Nepal Goes to the Polls After Gen Z Revolution
Nepal holds snap elections on March 5, just five months after Generation Z protesters forced the prime minister's resignation. The vote pits a youth-driven anti-establishment alliance against a seasoned political old guard — with nearly 19 million ballots to decide the Himalayan nation's future.
From Protest to Ballot Box
In seven days, Nepal holds its most consequential election since the fall of the monarchy. The March 5 snap vote was triggered by a violent Generation Z uprising that shook the Himalayan nation last September — and now nearly 19 million voters will choose between an entrenched political old guard and a new wave of leaders determined to rewrite the rules of Nepali democracy.
The Uprising That Changed Everything
What began as protests against a proposed social media ban quickly escalated into a nationwide anti-corruption movement in September 2025. Security forces opened fire on demonstrators, killing at least 19 protesters — the majority under 30 — and wounding hundreds more. The bloodshed forced Prime Minister K.P. Sharma Oli, the 73-year-old chairman of the Communist Party of Nepal (Unified Marxist-Leninist), to resign under pressure.
Parliament was formally dissolved on September 12. Former Chief Justice Sushila Karki was appointed interim prime minister — the first woman to hold the office — and tasked with organizing credible elections more than a year ahead of schedule. The Election Commission has since mobilized roughly 338,000 security personnel across 10,967 polling stations. Alcohol sales have been banned and the Nepal-India border sealed 72 hours before voting begins.
The Generational Fault Line
The contest crystallizes around a single symbolic face-off. Oli runs directly against Balendra Shah — a 35-year-old rapper and former Kathmandu mayor who became the uprising's de facto figurehead — in the Jhapa district constituency. The two men's names have become shorthand for the election's broader stakes: continuity versus rupture.

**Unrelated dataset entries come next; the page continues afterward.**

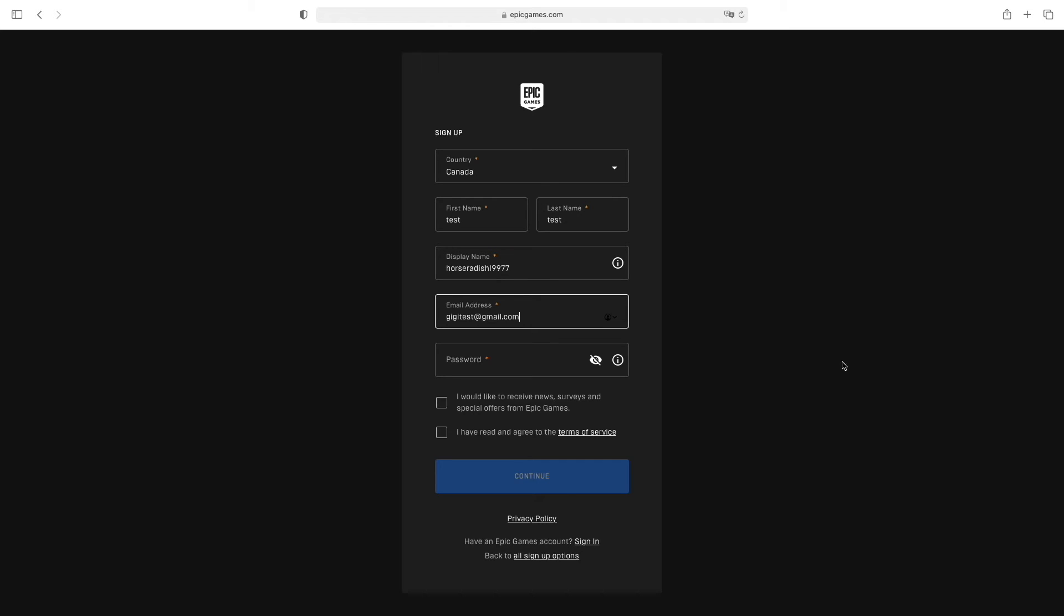Next, you need to select a password. I highly suggest using at least a 15 to 20 character password to stay safe.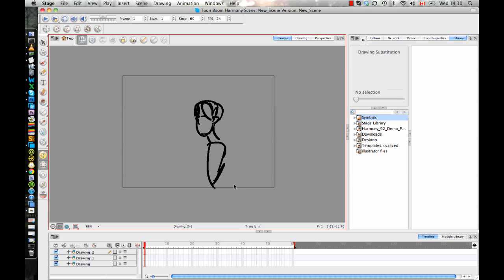Now in Flash, in order to have some kind of a hierarchy, what you in fact have to do is create symbols out of each element, and you will nest symbols inside of symbols in order to create your hierarchy. Now you can work that way when you're working in Toon Boom products. However, it's not going to be to your advantage to work that way. It's not going to be the most efficient way.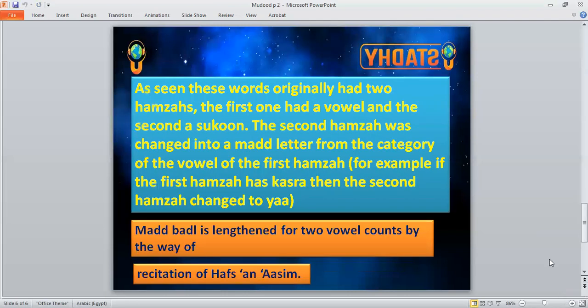Madd al-badal is lengthened for two vowel counts by the way of recitation of Hafs 'an Asim — the famous recitation — from the Shatibiyyah way. We are going to stop here, and insha'Allah I will complete part three of al-mudood. I hope you study this part well. May Allah bless you all.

Shah is the prime ministerial candidate of the fast-growing Rastriya Swatantra Party (RSP), led by television host Rabi Lamichhane. Their "youth alliance" frames itself explicitly as the political continuation of the September protests. The RSP's manifesto pledges to transform Nepal from a passive "buffer state" into a "vibrant bridge" — positioning the country as a trilateral economic partner balancing India and China rather than a pawn between them.
The energy behind this movement is measurable: more than 915,000 new voters registered since the uprising, over two-thirds of them Generation Z. More than 120 political parties have entered the race — over a third founded after September — making this the most crowded ballot since democracy was restored in 2006.

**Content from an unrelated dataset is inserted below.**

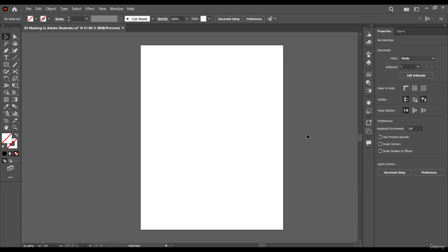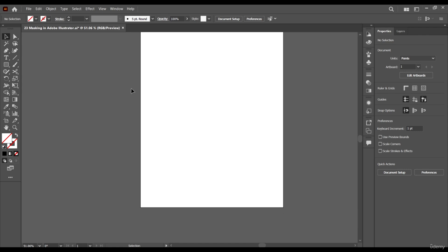Hello everyone and welcome back. In this very brief module we'll be learning about masks in Adobe Illustrator. Masks are basically used to reveal certain parts of an image or an object while hiding others.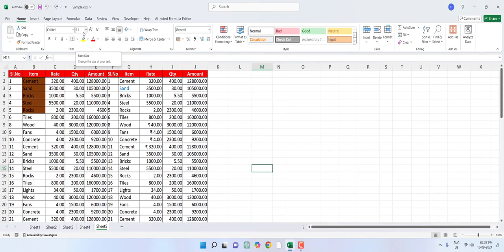Hello guys, welcome back again. This is part two of Microsoft Excel shortcut keys. In this video I will try to show you a lot of new and some old shortcut keys, so watch the video till the end and also watch the part three video to get all the shortcut keys. Okay, so let's start.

Old Guard Still in the Fight
Analysts caution against writing off established parties too quickly. Both the CPN-UML and the Nepali Congress — Nepal's dominant forces for decades — are fielding candidates in all 165 first-past-the-post constituencies. The Nepali Congress elected 49-year-old Gagan Thapa as party president, repositioning itself as reformed but experienced. The sheer number of new parties also risks fragmenting the youth-aligned vote, potentially handing advantage to organizations with deeper grassroots machinery.
No party is expected to win an outright majority, meaning the real test may come in coalition negotiations after polling closes — precisely the arena where Nepal's old guard has historically excelled.
Geopolitical Stakes
The election's implications extend well beyond Kathmandu. Nepal has long maintained careful nonalignment between Beijing and New Delhi, but the Atlantic Council warns that the new government "could challenge Nepal's hedging approach toward India, China, and the West." A pivot in either direction would reverberate across South Asia at a moment when both great powers are competing intensively for regional influence.
A Nation at a Crossroads
Nepal has cycled through more than a dozen governments since abolishing the monarchy in 2008. Whether March 5 delivers the accountability that protesters died demanding — or merely reshuffles the deck — will shape the country's democratic trajectory for a generation. The world will be watching a small but strategically placed nation decide whether a revolution can survive the ballot box.